Commission locale d’information (CLI) : une commis­sion locale d’information, prévue par la circulaire du 15 décembre 1981, peut être mise en place pour les grands équipements énergétiques, c’est-à-dire les centrales électriques thermiques, classiques ou nucléaires (d’une puissance supérieure à 1 000 MW), les usines de retraitement des combustibles irradiés, les grands ouvrages hydroélectriques, les stockages souterrains de gaz. La mise en place de la commission n’est pas imposée : l’initiative en revient au conseil général du département d’implantation, en liaison avec les conseils généraux des départements voisins lorsqu’ils sont concernés ainsi qu’avec le parlementaire et les élus des communes ou groupements de communes concernés. Chaque commission a une mission d’information et de suivi de l’impact des grands équipements.

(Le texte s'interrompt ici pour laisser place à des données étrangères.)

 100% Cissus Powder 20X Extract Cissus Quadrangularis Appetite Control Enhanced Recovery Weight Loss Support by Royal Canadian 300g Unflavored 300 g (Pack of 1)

Conseil de développement : les conseils de développement, prévus par la loi n° 99-533 du 25 juin 1999 d’orientation d’aménagement et de développement durable du territoire, sont des organes consultatifs qui permettent à la société civile de donner son avis sur toute question relative à l’aménagement et au développement du territoire.

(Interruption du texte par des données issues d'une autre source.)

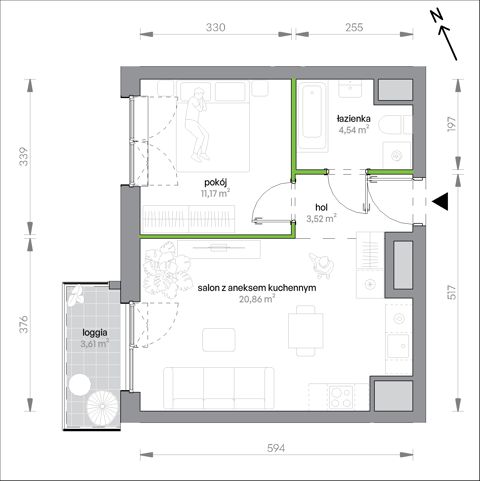 Plan 2 pok. 40m²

Développement durable : le développement durable est défini dans le rapport de Harlem Brundtland comme « un type de développement qui permet de satisfaire les besoins des générations présentes, sans réduire la possibilité pour les générations futures de satisfaire les leurs ». Cette définition est d’ailleurs reprise dans l’introduction de l’article 2 de la charte de

l’Environnement : « […] afin d’assurer un développement durable, les choix destinés à répondre aux besoins du présent ne doivent pas compromettre la capacité des générations futures et des autres peuples à satisfaire leurs propres besoins […] ». Le concept de développement durable intègre à la fois des préoccupations économiques, de développement de l’ensemble des sociétés des diverses régions du monde, d’équité sociale, de protection de l’environnement local, régional et global, de protection du patrimoine planétaire et de solidarité vis-à-vis des
générations futures.

Écocitoyenneté : un citoyen est quelqu’un informé, qui se sent responsable de ses actes en fonction de valeurs, de normes socialement partagées et reconnues par tous. Le concept d’écocitoyen, quant à lui, est né dans les pays occidentaux à la fin des années soixante-dix et s’est popularisé depuis la conférence de Rio en 1992. Sans négliger la valeur des relations que doivent entretenir l’Homme et sa société pour accéder au titre de citoyen, le qualificatif d’écocitoyen s’attache particulièrement à la nécessité, pour l’individu, d’avoir des gestes et des comportements responsables tant par rapport à son lieu de vie qu’à l’égard de ses semblables. Âtre un écocitoyen, c’est reconnaître la portée écologique de tous ses gestes quotidiens, des déplacements à la consommation y compris ses rejets. L’écocitoyen est responsable, en termes de respect, de l’environnement dans lequel il évolue.

Gouvernance : « C’est un ensemble de transactions par lesquelles des règles collectives sont élaborées, décidées, légitimées, mises en œuvre et contrôlées » [1]. C’est donc la capacité des sociétés humaines à se doter de systèmes de représentation pour se gérer elles-mêmes dans un mouvement volontaire. Elle englobe les mécanismes, les processus et les institutions par le biais desquels les citoyens et les groupes expriment leurs intérêts, exercent leurs droits juridiques, assument leurs obligations et auxquels ils s’adressent en vue de régler leurs différends. Elle s’appuie sur deux grands principes : la transparence (et donc l’information) et l’exigence de rendre des comptes. Elle concerne de nombreux domaines : l’économie (finance, commerce, etc.), l’environnement, la santé (normes sanitaires, etc.), le social (normes sociales, droits de l’Homme, etc.), etc. Elle s’applique à toutes les échelles territoriales : certains champs réclament le niveau mondial, notamment là ou des biens collectifs globaux sont en jeu (effet de serre, etc.), alors que d’autres requièrent le niveau local ou régional.

Notes

[1- Pascal Lamy, Commissaire européen, intervention du 29 septembre 2000 au club Actes et Paroles.